Yes, I was stressed with worrying.  But early on, I caught myself and I took deep, deliberate breaths and I decided that to be true to myself?  I needed to remain optimistic and have faith in God, not in me.

The rest and restoration was as necessary as it was unexpected.  When I did return to work?  The slow pace seemed to dog me, and I had to surrender again. Again. And again.

It was somewhere in these last months of shift, correction, and submission that my Process began to pay me dividends.  Suddenly, I met new people.  Men and women came into my life and some of them gave me a message for that moment, but some of them are developing roots and foundation alongside me on my Journey.  I welcome the newcomers and celebrate these gifts of new friends, new relationships, new precious lives and find I am eager to start the new day to see where we travel today?

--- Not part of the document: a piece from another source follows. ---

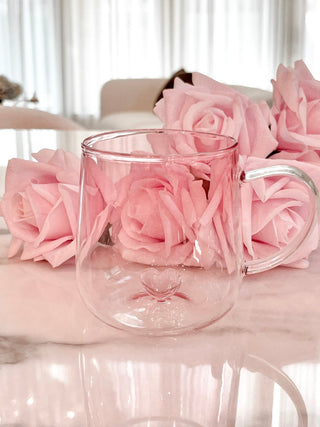 Heart You Glass Cup on a marble dining table surrounded by bloomed pink roses.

Also, I do not maintain a residence.  I went many months of not getting a hotel room on my break times from work or responsibility for my equipment.  Once I began getting a hotel?  Well, the running water, quiet rooms, and spacious decor wooed me. I began to wonder if I should get an apartment, only to be reminded that South Florida is EXTREMELY high cost of living compared to the rest of the state!!!  I do not want to rent a room and share bathrooms or common areas.  I need the clear space to relax into when I take time off my intense work schedule and service to others.

The day of rest and time to recharge my batteries became evident as important keys to my continued improved health and attitudes.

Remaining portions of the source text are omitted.